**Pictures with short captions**
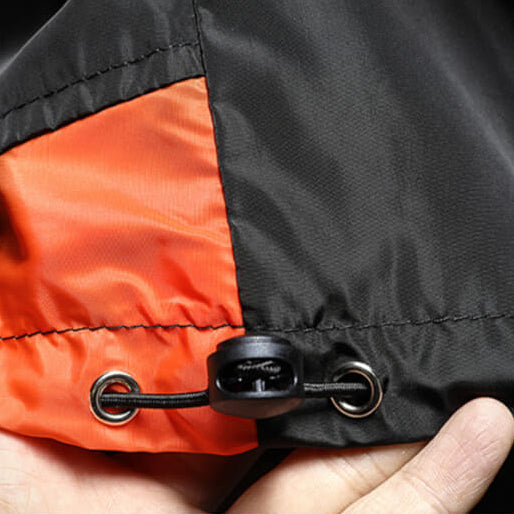 Men's athletic color block windbreaker jacket, hooded with half-zip. Provides lightweight protection for outdoor wear.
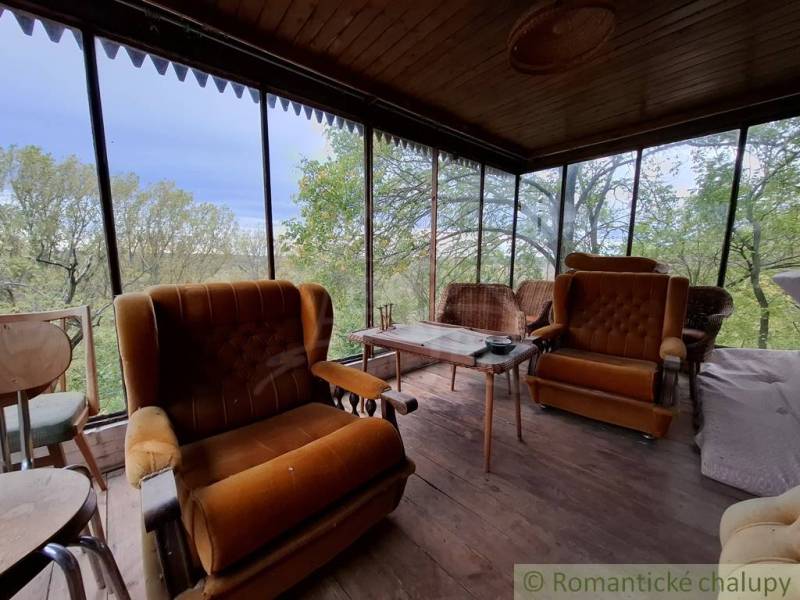 Eine Veranda mit Stühlen und einem Boden in Holzoptik, eine Hütte umgeben von Grün.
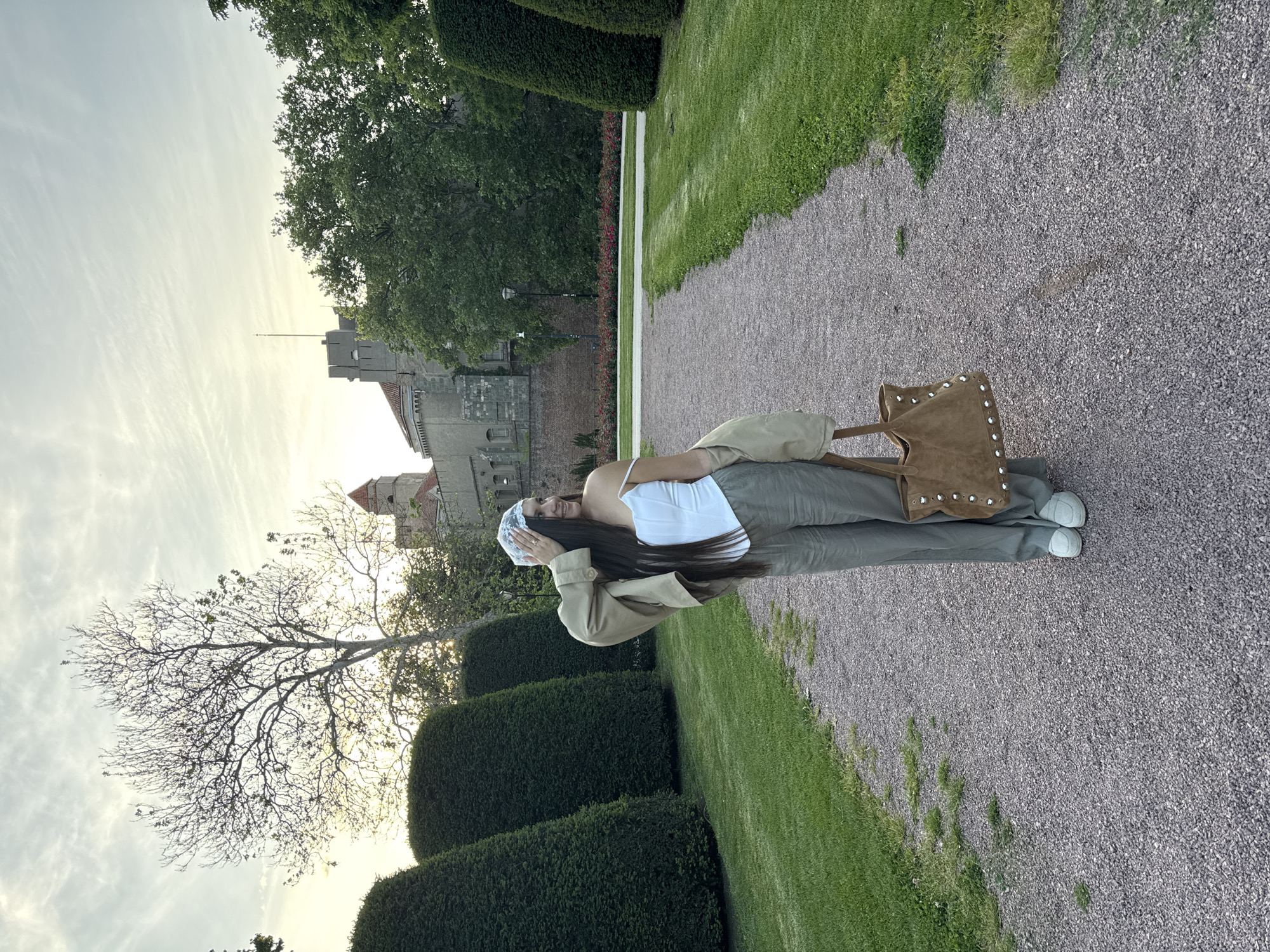 A woman stands on a gravel path, slightly turned towards the left, in what appears to be a park setting. She is wearing a white top, green pants, a light beige jacket draped over her shoulder, and white shoes. She also has a white head covering. She is holding a tan-colored bag with studded details. The backdrop includes manicured hedges, green grass, and a medieval-style stone building or castle under a bright, overcast sky. A bare tree is partially visible on the left.
This is NOT in Belgrade, Serbia. The castle is Malmöhus Castle in Malmö, Sweden.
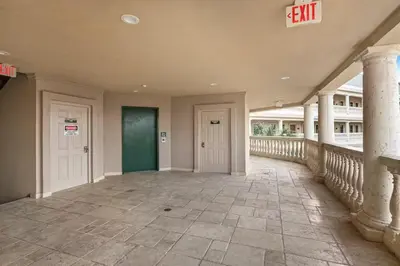 an empty hallway of a house with a exit sign at Village of South Walton B248 by Oversee 30A in Inlet Beach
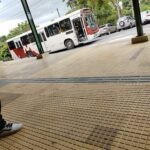 A person is sitting on a sidewalk near a bus stop.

**WORK INSTRUCTIONS**
Please ensure that the data above is repeated exactly, with no pictures in the copy.

**ANSWER TO THIS TASK**
 Men's athletic color block windbreaker jacket, hooded with half-zip. Provides lightweight protection for outdoor wear.
 Eine Veranda mit Stühlen und einem Boden in Holzoptik, eine Hütte umgeben von Grün.
 A woman stands on a gravel path, slightly turned towards the left, in what appears to be a park setting. She is wearing a white top, green pants, a light beige jacket draped over her shoulder, and white shoes. She also has a white head covering. She is holding a tan-colored bag with studded details. The backdrop includes manicured hedges, green grass, and a medieval-style stone building or castle under a bright, overcast sky. A bare tree is partially visible on the left.
This is NOT in Belgrade, Serbia. The castle is Malmöhus Castle in Malmö, Sweden.
 an empty hallway of a house with a exit sign at Village of South Walton B248 by Oversee 30A in Inlet Beach
 A person is sitting on a sidewalk near a bus stop.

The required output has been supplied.